PROVIDED DATA:
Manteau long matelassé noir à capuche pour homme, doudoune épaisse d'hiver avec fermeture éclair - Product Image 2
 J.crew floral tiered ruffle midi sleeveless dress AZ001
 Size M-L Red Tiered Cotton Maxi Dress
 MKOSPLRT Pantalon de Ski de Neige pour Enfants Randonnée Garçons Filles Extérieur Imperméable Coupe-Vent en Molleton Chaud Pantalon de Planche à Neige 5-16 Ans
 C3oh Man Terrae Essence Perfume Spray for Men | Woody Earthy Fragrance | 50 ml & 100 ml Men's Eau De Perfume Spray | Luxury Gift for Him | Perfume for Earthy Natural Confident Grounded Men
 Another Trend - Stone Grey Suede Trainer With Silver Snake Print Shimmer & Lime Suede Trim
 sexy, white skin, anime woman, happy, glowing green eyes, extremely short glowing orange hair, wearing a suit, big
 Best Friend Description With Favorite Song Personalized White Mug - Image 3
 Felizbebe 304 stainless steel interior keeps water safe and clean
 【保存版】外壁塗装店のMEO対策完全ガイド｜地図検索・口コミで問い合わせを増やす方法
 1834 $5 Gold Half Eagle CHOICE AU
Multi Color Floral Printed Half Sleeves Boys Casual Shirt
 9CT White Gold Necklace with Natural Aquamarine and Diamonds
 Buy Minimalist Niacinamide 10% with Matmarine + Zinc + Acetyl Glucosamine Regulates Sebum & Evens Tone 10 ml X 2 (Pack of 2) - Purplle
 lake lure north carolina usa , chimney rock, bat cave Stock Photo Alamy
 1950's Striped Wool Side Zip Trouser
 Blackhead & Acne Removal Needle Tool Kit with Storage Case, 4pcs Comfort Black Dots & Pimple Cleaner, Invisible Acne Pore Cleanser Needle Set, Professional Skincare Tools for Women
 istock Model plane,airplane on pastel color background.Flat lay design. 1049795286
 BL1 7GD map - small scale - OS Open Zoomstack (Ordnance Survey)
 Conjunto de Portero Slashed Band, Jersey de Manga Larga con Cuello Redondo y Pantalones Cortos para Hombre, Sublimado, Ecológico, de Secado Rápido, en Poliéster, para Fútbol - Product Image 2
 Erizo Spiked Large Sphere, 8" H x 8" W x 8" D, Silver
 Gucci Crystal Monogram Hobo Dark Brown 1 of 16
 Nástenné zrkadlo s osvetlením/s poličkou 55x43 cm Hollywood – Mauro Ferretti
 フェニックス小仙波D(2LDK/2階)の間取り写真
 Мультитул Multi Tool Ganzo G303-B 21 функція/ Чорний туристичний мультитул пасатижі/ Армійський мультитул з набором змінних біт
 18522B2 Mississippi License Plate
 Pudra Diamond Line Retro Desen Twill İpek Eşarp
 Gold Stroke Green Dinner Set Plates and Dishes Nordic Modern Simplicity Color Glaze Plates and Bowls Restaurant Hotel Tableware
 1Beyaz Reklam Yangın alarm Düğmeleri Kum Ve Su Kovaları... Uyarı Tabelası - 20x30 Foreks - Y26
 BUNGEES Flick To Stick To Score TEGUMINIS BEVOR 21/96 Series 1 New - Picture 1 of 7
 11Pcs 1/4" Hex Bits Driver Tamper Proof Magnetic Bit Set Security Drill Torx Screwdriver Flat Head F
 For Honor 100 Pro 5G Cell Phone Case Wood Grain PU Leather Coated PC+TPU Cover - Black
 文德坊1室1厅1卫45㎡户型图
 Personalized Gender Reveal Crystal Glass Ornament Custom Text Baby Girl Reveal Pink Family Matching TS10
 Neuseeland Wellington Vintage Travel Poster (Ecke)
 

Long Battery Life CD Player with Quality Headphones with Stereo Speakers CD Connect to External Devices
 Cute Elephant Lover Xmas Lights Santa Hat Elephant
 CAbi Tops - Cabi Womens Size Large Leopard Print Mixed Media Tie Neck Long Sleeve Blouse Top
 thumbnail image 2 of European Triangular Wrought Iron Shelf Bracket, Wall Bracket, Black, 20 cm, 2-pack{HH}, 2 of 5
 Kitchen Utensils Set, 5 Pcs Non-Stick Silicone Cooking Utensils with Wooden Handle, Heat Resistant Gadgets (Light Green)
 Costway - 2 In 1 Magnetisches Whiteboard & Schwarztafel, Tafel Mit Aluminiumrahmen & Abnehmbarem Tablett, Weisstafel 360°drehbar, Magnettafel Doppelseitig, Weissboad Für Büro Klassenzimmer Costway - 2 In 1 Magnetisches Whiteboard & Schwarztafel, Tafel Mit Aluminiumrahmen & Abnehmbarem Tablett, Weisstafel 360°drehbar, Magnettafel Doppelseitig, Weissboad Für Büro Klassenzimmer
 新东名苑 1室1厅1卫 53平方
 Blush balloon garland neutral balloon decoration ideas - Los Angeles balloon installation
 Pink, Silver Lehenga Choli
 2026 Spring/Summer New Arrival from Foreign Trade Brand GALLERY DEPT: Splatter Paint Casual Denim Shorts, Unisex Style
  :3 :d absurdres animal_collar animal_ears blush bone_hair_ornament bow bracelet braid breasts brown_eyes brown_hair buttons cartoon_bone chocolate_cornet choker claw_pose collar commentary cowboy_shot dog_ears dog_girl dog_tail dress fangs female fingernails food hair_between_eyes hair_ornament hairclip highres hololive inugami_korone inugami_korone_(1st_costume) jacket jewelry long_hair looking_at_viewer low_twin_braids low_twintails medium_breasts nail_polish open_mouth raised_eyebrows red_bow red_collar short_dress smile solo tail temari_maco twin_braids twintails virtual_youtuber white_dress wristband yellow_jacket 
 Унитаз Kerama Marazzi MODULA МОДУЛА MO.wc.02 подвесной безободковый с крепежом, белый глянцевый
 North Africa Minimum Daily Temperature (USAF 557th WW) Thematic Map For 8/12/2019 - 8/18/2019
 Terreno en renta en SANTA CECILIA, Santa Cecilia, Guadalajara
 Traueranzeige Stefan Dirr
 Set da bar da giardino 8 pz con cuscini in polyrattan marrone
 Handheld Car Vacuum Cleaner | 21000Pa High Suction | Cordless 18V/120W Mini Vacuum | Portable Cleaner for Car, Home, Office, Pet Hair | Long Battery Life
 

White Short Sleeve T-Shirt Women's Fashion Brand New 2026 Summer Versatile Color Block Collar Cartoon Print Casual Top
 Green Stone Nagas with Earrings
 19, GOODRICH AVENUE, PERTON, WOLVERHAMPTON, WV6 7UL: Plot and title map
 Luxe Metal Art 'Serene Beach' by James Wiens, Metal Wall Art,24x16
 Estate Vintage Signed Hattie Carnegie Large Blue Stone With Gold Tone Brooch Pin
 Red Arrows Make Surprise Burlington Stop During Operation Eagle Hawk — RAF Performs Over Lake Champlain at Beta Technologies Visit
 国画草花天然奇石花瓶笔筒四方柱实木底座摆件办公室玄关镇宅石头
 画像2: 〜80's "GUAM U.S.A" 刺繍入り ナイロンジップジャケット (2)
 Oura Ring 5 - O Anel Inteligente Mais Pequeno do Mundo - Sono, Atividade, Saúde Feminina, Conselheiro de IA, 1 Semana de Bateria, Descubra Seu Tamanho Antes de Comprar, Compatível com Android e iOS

WHAT NEEDS TO BE DONE: For this exercise, gather every line of the data that contains the word "Casual".

OUTPUT FOR THIS TASK:
Multi Color Floral Printed Half Sleeves Boys Casual Shirt
 2026 Spring/Summer New Arrival from Foreign Trade Brand GALLERY DEPT: Splatter Paint Casual Denim Shorts, Unisex Style
White Short Sleeve T-Shirt Women's Fashion Brand New 2026 Summer Versatile Color Block Collar Cartoon Print Casual Top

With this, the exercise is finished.